- _Work item_
From the records below, please repeat exactly the line that has "Chaise Crunchs et", the line that has "Carrots of different", and every line between them, and nothing else.

━━━ Given data

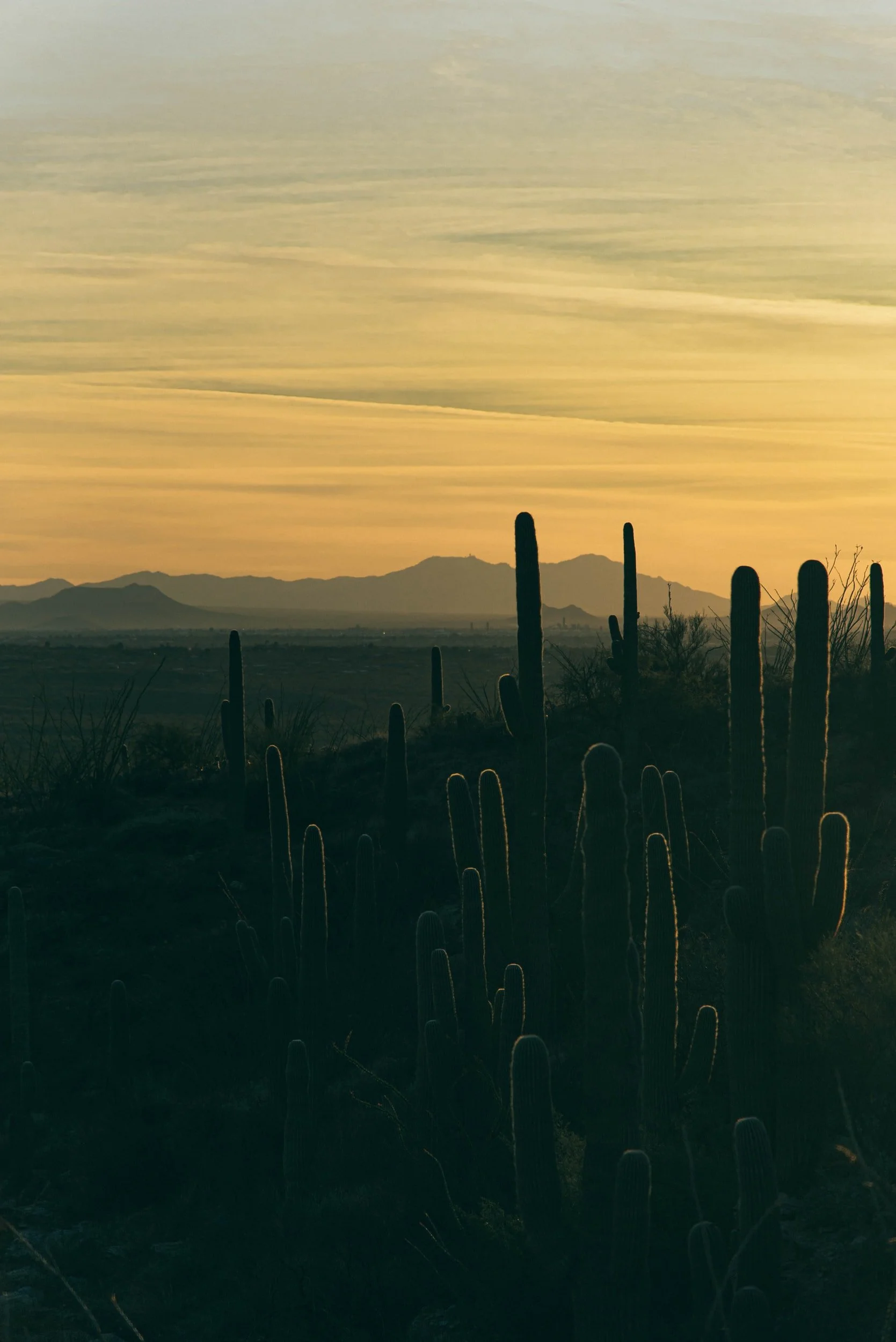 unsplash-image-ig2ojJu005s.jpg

━━━━━━
━━━ Given data

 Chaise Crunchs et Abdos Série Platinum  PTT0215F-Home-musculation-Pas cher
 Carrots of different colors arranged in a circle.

━━━━━━
━━━ Given data

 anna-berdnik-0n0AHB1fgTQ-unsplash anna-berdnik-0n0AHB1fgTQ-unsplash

━━━━━━

- _Task answer_
 Chaise Crunchs et Abdos Série Platinum  PTT0215F-Home-musculation-Pas cher
 Carrots of different colors arranged in a circle.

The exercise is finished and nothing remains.